Below is a note I wrote for the blog on July 6, which never got posted. I'm posting it now after a two-hour "session" at E.'s house. I told myself before I ever got into this "game" that I'd never go into another woman's home to have relations with her husband. I guess doing so today goes along with the whole idea of addiction, you just go further and further ... hoping to get a new high, hoping it will take you to the next level.
As a side note, E.'s house is absolutely incredible. An amazing place. And I think what else could u possibly want? He's a successful businessman, has a gorgeous home, a wife who clearly knows how to keep things in order (even if she doesn't know how to keep him satisfied), two great kids, a nice dog, some apparently amazingly fun friends, yet it's still not enough. His are not my problems to fix ... although we keep drawing one another into each other's needs. I yelled at him this morning because I had a shitty birthday last night and was looking forward to spending some time with him today, knowing his wife would be away and when he started hemming and hawing about the time we would get together, I told him "I was not in the mood to be disappointed today." He gave in, and gave me two hours of his time ... probably the most "in person" time he's ever given me in the six months we've been seeing each other.
Here's the note I wrote last Tuesday:
It occurs to me that one of the reasons I am "backsliding" so to speak, is because I am not working on the things I have discussed with NP. I am not reading properly and am not working hard enough on focusing on the things that need to be fixed.
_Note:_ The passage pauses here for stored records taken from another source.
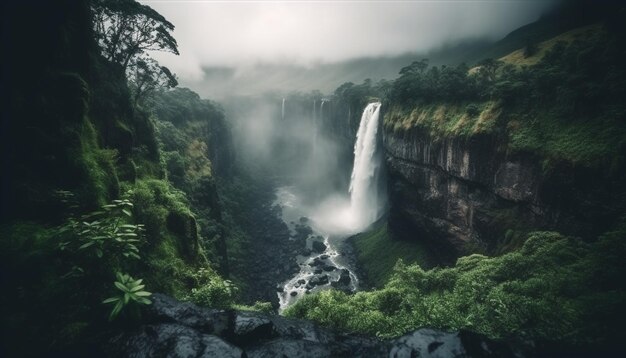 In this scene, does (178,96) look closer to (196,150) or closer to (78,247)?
(196,150)

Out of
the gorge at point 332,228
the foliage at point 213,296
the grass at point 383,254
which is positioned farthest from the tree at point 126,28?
the grass at point 383,254

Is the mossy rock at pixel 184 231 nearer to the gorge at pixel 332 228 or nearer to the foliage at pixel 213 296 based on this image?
the gorge at pixel 332 228

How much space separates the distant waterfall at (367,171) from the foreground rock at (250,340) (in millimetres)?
46805

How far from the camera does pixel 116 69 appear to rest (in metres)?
23.2

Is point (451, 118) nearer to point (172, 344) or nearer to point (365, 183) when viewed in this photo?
point (365, 183)

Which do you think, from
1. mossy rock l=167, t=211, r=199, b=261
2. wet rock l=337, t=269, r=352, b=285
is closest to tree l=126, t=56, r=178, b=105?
mossy rock l=167, t=211, r=199, b=261

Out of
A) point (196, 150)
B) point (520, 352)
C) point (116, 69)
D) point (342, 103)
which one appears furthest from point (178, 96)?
point (520, 352)

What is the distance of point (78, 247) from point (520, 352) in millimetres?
10972

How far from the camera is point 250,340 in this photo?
7781 millimetres

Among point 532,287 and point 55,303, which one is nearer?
point 55,303

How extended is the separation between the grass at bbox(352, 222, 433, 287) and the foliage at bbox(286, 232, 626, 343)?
68.5 feet

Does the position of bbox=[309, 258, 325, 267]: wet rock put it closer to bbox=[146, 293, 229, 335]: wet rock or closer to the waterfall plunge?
the waterfall plunge

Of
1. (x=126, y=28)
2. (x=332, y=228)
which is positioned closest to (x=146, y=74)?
(x=126, y=28)

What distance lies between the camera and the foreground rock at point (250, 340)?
6.84m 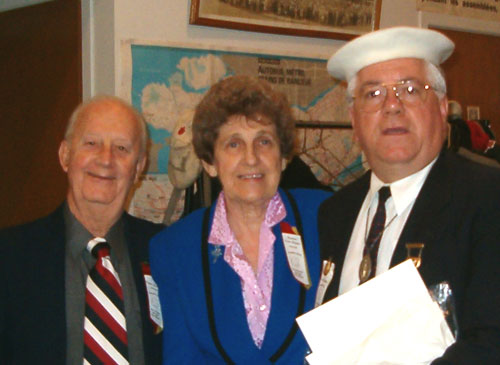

Instead I am letting my mind lead me, not reading what others (who had a clear mind at the time) have deduced about issues such as self-esteem and co-dependency. In fact, I'm too busy diagnosing everyone else as co-dependent so I don't have to be alone.
Woke up with a cold this morning, courtesy of E. How's that for bringing home your sins? I'm lucky it's just that.
As for the cold, both my husband and I became extremely sick after this. I just can't believe how unreal this is at times.